Domain Adaptation starts here:
Drawn fully from Hugging Face's course: https://huggingface.co/course/chapter7/3?fw=pt

In [None]:
###working here with the not cleaned text for DistilBERT comparison
with open("Sun_Also_Rises.txt") as file_object:
  text2 = file_object.read()

print('The text has {:,} separate items'.format(len(text2)))


In [None]:
first_half2 = text2[:91462]
second_half2 = text2[91463:]

In [None]:
f = open("first_half_unclean.txt", "w")
f.write(str(first_half2))
f.close()

In [None]:
### For the pre-training of DistilBert, let's get the first half into a column format
test=text2.split()

In [None]:
n = 5
# using list comprehension
result = [test[i:i + n] for i in range(0, len(test), n)]
print(result)

In [None]:
### Also clean up commas and add a "text" column heading
import csv
with open("SAR_unclean.csv", "w") as f:
    wr = csv.writer(f)
    wr.writerows(result)

In [None]:
from transformers import AutoModelForMaskedLM

model_checkpoint = "distilbert-base-uncased"
model = AutoModelForMaskedLM.from_pretrained(model_checkpoint)

In [None]:
from transformers import AutoTokenizer

tokenizer = AutoTokenizer.from_pretrained(model_checkpoint)

In [None]:
from transformers import DataCollatorWithPadding

data_collator = DataCollatorWithPadding(tokenizer=tokenizer)

In [None]:
import torch

In [None]:
from huggingface_hub import notebook_login

notebook_login()


In [None]:
distilbert_num_parameters = model.num_parameters() / 1_000_000
print(f"'>>> DistilBERT number of parameters: {round(distilbert_num_parameters)}M'")
print(f"'>>> BERT number of parameters: 110M'")

In [None]:
###Run a test on it
text = "This is a lovely [MASK]."

In [None]:
### running this to check if DistilBERT is working
inputs = tokenizer(text, return_tensors="pt")
token_logits = model(**inputs).logits
# Find the location of [MASK] and extract its logits
mask_token_index = torch.where(inputs["input_ids"] == tokenizer.mask_token_id)[1]
mask_token_logits = token_logits[0, mask_token_index, :]
# Pick the [MASK] candidates with the highest logits
top_5_tokens = torch.topk(mask_token_logits, 5, dim=1).indices[0].tolist()

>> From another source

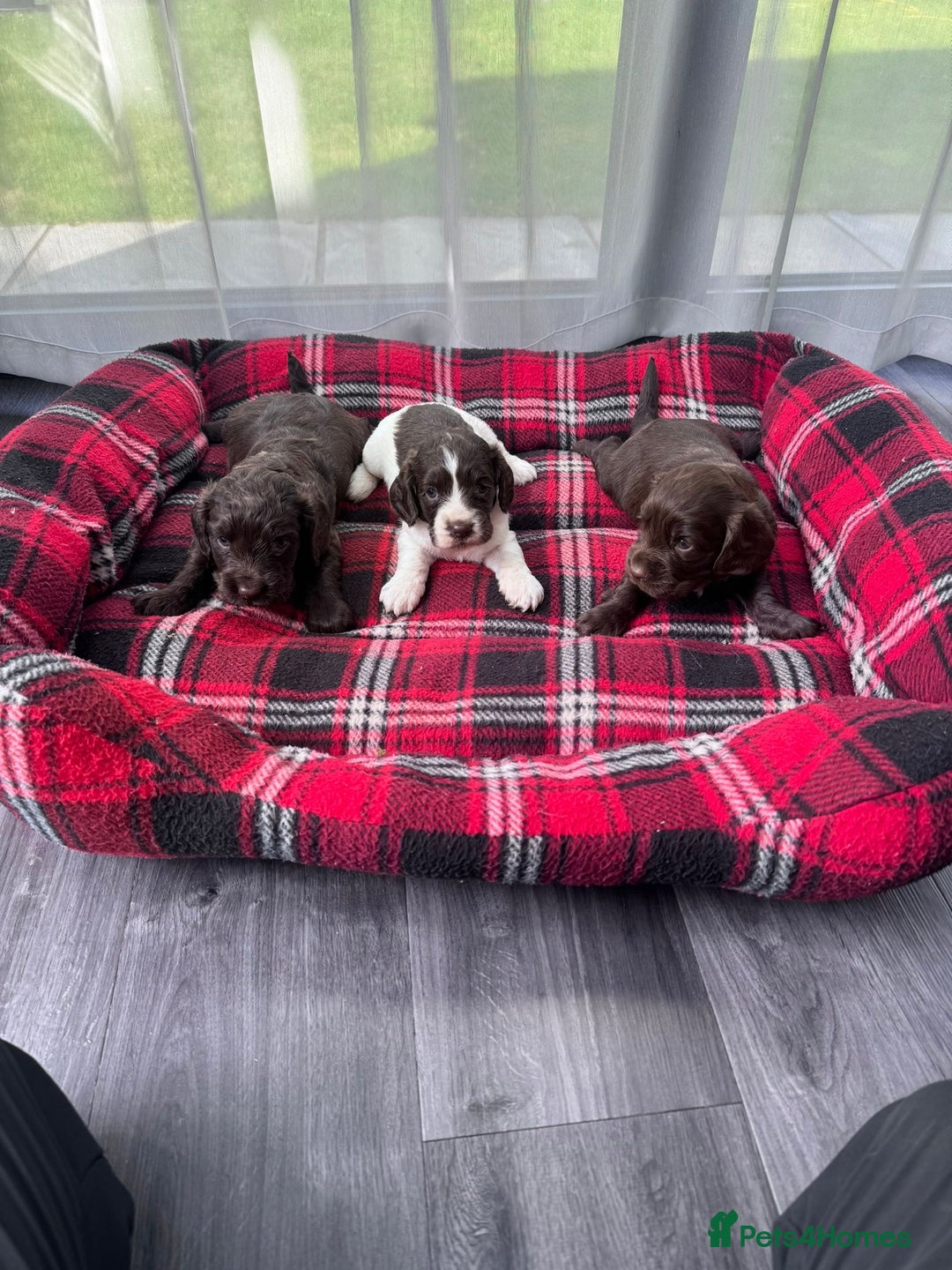 Cocker Spaniel dogs for sale: Cocker spaniel puppies  - Image 2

for token in top_5_tokens:
    print(f"'>>> {text.replace(tokenizer.mask_token, tokenizer.decode([token]))}'")

In [None]:
from datasets import load_dataset
ds = load_dataset('csv', data_files="SAR_unclean.csv")
ds

In [None]:
def tokenize_function(examples):
    result = tokenizer(examples["text"])
    if tokenizer.is_fast:
        result["word_ids"] = [result.word_ids(i) for i in range(len(result["input_ids"]))]
    return result


# Use batched=True to activate fast multithreading!
tokenized_datasets = ds.map(
    tokenize_function, batched=True, remove_columns=["text"]
)
tokenized_datasets

In [None]:
chunk_size = 128

In [None]:
def group_texts(examples):
    # Concatenate all texts
    concatenated_examples = {k: sum(examples[k], []) for k in examples.keys()}
    # Compute length of concatenated texts
    total_length = len(concatenated_examples[list(examples.keys())[0]])
    # We drop the last chunk if it's smaller than chunk_size
    total_length = (total_length // chunk_size) * chunk_size
    # Split by chunks of max_len
    result = {
        k: [t[i : i + chunk_size] for i in range(0, total_length, chunk_size)]
        for k, t in concatenated_examples.items()
    }
    # Create a new labels column
    result["labels"] = result["input_ids"].copy()
    return result

In [None]:
lm_datasets = tokenized_datasets.map(group_texts, batched=True)
lm_datasets

In [None]:
from transformers import DataCollatorForLanguageModeling

data_collator = DataCollatorForLanguageModeling(tokenizer=tokenizer, mlm_probability=0.15)

In [None]:
### These sizes depend on the number of grouped rows available.
train_size = 904
test_size = 100

In [None]:
## So will need to train_test_split the data to get a train and test set: ....
first_dataset = lm_datasets["train"].train_test_split(
    train_size=train_size, test_size=test_size, seed=42
)
first_dataset

In [None]:
from transformers import TrainingArguments

batch_size = 64
# Show the training loss with every epoch
logging_steps = len(first_dataset["train"]) // batch_size
model_name = model_checkpoint.split("/")[-1]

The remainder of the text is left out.